Mengapa si perakit berencana meledakkan bom? Menurut polisi, si perakit ingin memerangi agama lain dan polisi.
Sangatlah penting untuk mencermati profil si perakit bom tersebut. Lelaki bernama Agus Wiguna itu sehari-hari bekerja sebagai penjual bakso. Umurnya, catatlah, belum genap 22 tahun ketika bom rakitannya meledak tanpa sengaja.
Internet mempunyai peran penting bagi Agus. Ia mampu merakit bom berkat belajar sendiri lewat internet. Ia memiliki pemahaman dan keinginan untuk jihad juga berkat belajar sendiri lewat internet. Di kamar kontrakan Agus itu polisi menemukan kertas penyataan baiat kepada ISIS.

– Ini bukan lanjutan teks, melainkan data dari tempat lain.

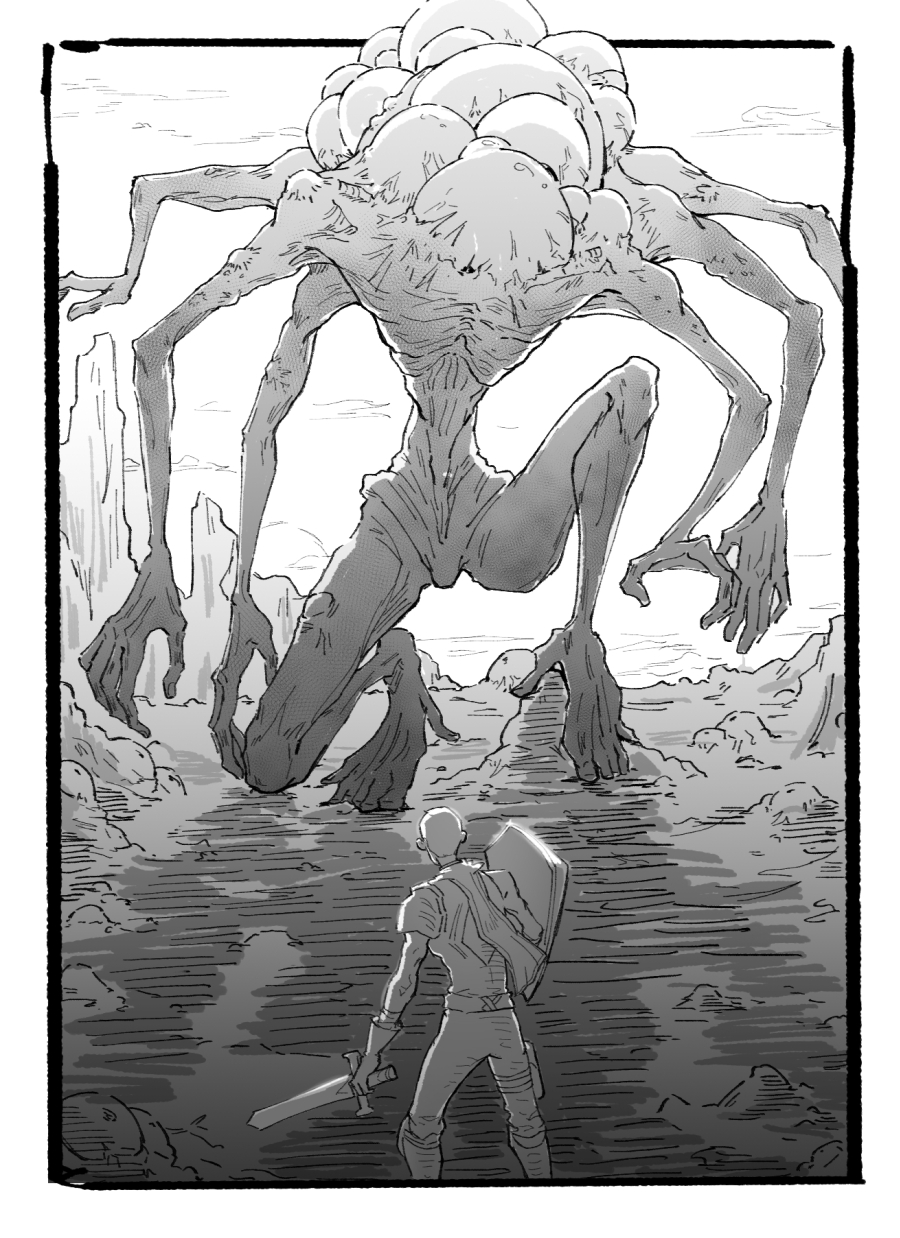 inktober artwork: pressure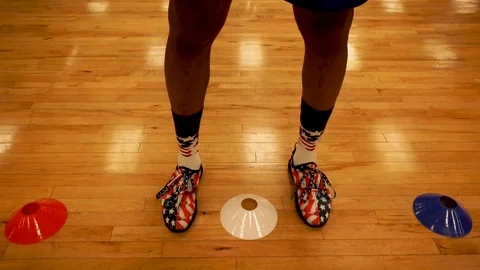 Cone shuffle Stock Footage 126308584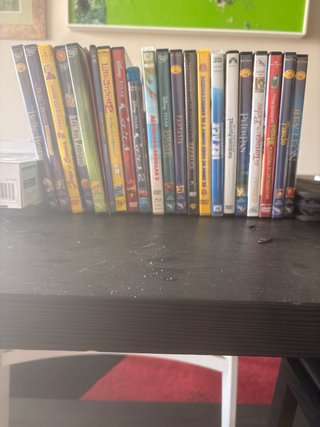 Lote de peliculas de dvd infantil disney, pixar...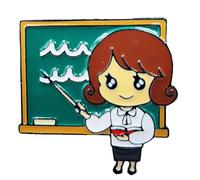 Épinglettes & Épinglettes Femme Broche Enseignant Épinglette Épinglette Décorative Esthétique Métal Broche de Noël Clip de Chemise Élégant Broche pour R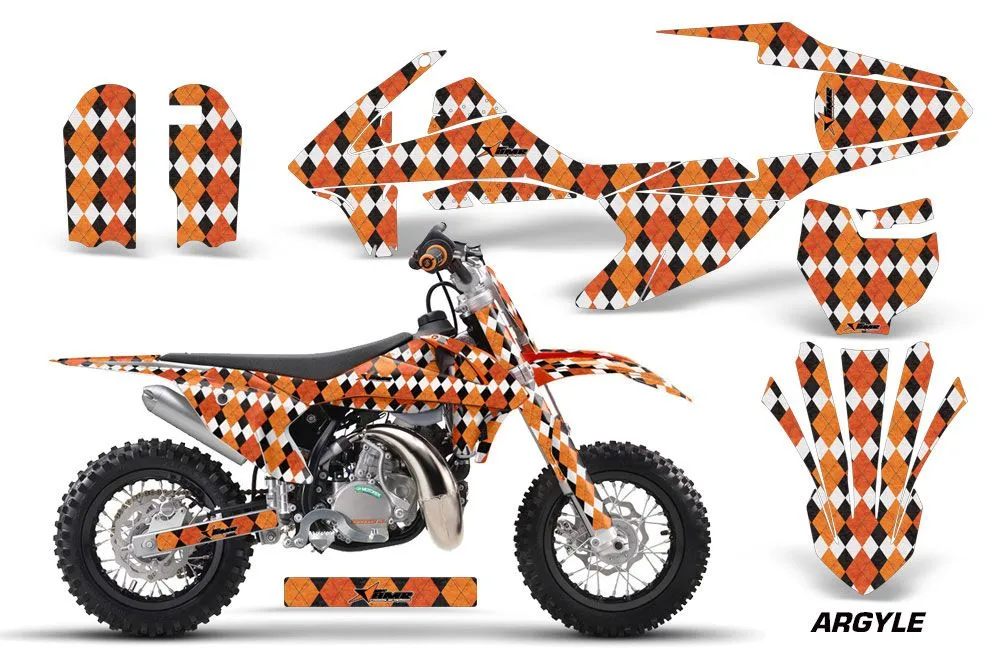 KTM SX 50 Adventure Jr / Sr Dirt Bike Graphic Kit - 2016-2018 Argyle Orange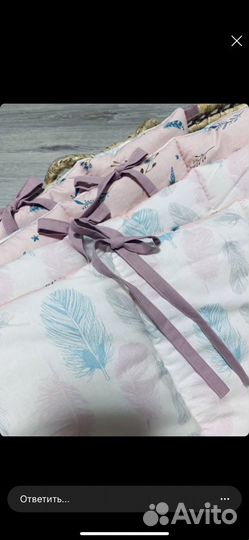 Бортики в детскую кроватку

Sejauh ini polisi belum melihat keterkaitan Agus dengan organisasi-organisasi teroris. Lelaki yang sudah merakit bom sejak 1 Juni itu tampaknya bekerja sendiri di luar organisasi.
Profil Agus hampir sama dengan anak muda lain yang namanya berinisial GOH. Dia adalah pelaku pemasangan bendera ISIS dan penyebar ancaman di kantor Polsek Kebayoran Lama, yang berhasil ditangkap pada Jumat 7 Juli.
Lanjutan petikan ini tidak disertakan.